Slushpile:  At what point did you decide that you wanted to be a writer?

Pearson:  My grandfather was a lifelong writer. I think I inherited the impulse. I’ve been writing since I was a child. There was no deciding to it.

Slushpile:  At what point did you believe you could actually make a living writing?

Pearson:  I’ve never believed it, and with good reason.

Slushpile:  I believe you got a masterss degree in English and then promptly went to work painting houses. Some authors argue that a physically demanding job helps their writing because they come home tired, but mentally fresh. Others are too exhausted after doing something physical to write. How did your experience painting houses affect your writing career?

Pearson:  Painting houses was an alternative to teaching. I’d taught before and found
all of the attendant work too draining to allow me to write. Painting was only physically tiring. I could get up early each morning (around 4:30 in my case) and write for three or four hours. And then off to paint. Clean brushes. Drink bourbon. Repeat. I lived like that for about five years and produced three or four novels.

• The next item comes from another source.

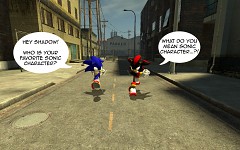 Favorite Sonic Character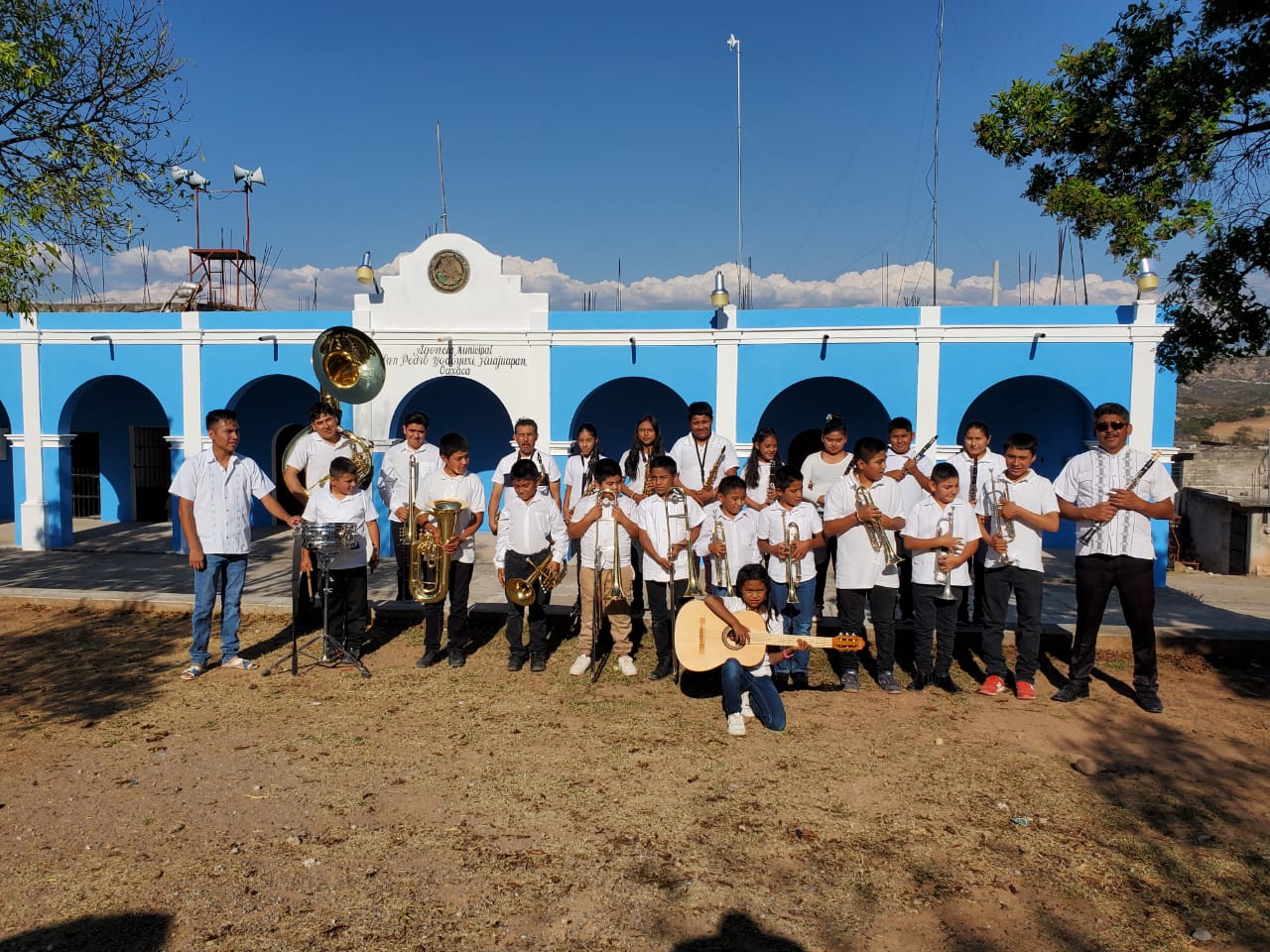 Actividad Cultural Comunitaria: Concierto en Huajuapan de León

Slushpile:  Your first novel, A Short History of a Small Place, was published in 1985. It focuses on the small town of Neely, North Carolina and is a meandering tale, full of side-stories and digressions, perfectly capturing the way many Southerners tell stories. How did you go about getting this book published? What do you remember about getting that first acceptance letter? 

Pearson:  That manuscript was widely rejected by agents and editors alike before an agent finally saw the humor in it (no one else had). The book sold shortly thereafter for the princely sum of $7,500. It was all a matter of getting the manuscript into the right hands. That’s usually the case in publishing.

Slushpile:  Since that first book, you’ve published nine other novels. How do you think the publishing industry has changed since A Short History of a Small Place was first released?

Pearson:  Fewer and fewer people buy books and read them. I’ve a very gloomy opinion
of the future of publishing. The fundamental problem is that the business is very slow to change while the relatively small audience for books is much more agile. Charging $25 for a hardbound book given the numerous and cheaper entertainment alternatives ­ isn’t just uncompetitive; it’s idiotic.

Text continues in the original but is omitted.